Apolitical Missive

When someone says "Criminal law may have been broken" I automatically discount their opinions and question their command of the facts.  When someone specifies "criminal" law as being broken they are trying to amp the psychological impact of their apparently rhetorical argument.  They assume that humans will naturally take them more seriously if they note that "criminal" law has been broken.  I find the command to make a value judgement implied by this addition to be offensive.  Criminally so, maybe.
And that brings me to my second point.  While the rhetorical wizard may upon occassion demonstrate the exception that makes the rule, thus breaking the "criminal" law of discourse, this person will never modify the phrase with "may have".  Why, the person that makes such a modification might have sawdust for brains.  They might be sixth grade dropouts with an intellectual inferiorty complex trying to drum up their self esteem with what they consider to be two dollar language whilst simultaneously drumming up your blood pressure and outrage.  These people might possibly lead such sad lives inside their own heads that one might be considered to have acted appropriately in pitying these sad sad people.  Maybe.
Criminal law may have been broken and other untoward acts may have been committed.  What other kinds of unethical or criminal things might have happened? 

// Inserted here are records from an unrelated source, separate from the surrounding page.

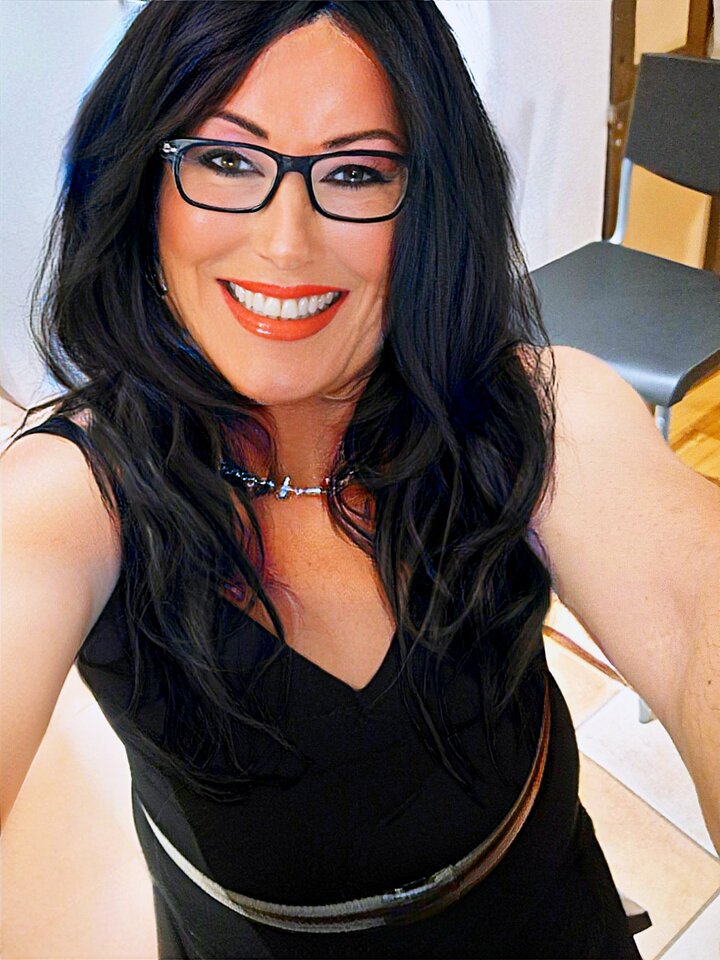 1000008951.jpg - AgusiaCross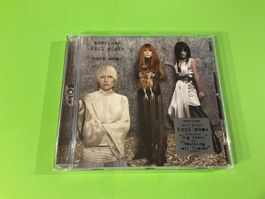 Tori Amos - American Doll Posse (CD) Sehr Gut Erhalten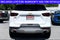 2025 Chevrolet Blazer AWD 2LT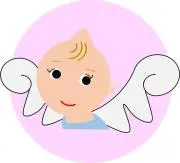 Kewpie Craftの画像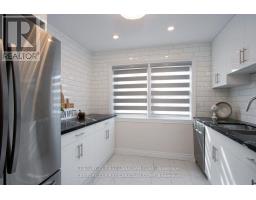 19 ARBOUR GLEN CRESCENT - 8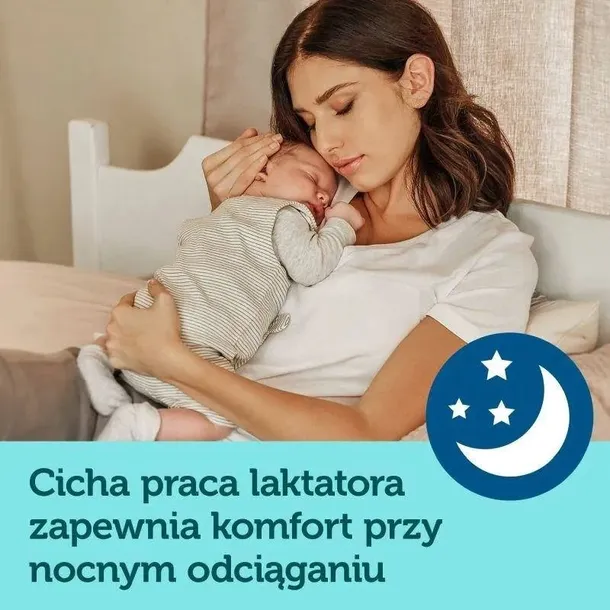 laktator-elektroniczny-stan-nowy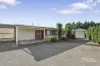 281 Guys Hill Road, Strathfieldsaye, Vic 3551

Yeah.  He thinks he just blew your minds wide open.  In reality, all but a few are offended at the lack of effort.  To assume that one can say any uncreative thing that pops into one’s head with the addition of hedge words like may have is just plain rude.  Maybe that’s enough of a down home expression that it might carry some weight with that person.  You heard it here.  The Mayhaps Argument is quite rude.
Senator James Inhoffe, professional speaker of words, makes a mockery of the grand tradition of his chosen profession. 
When there is a hall dedicated to statues of people who have held your station in life, it behooves you to at the least mislead cleverly with a certain professional level of skill.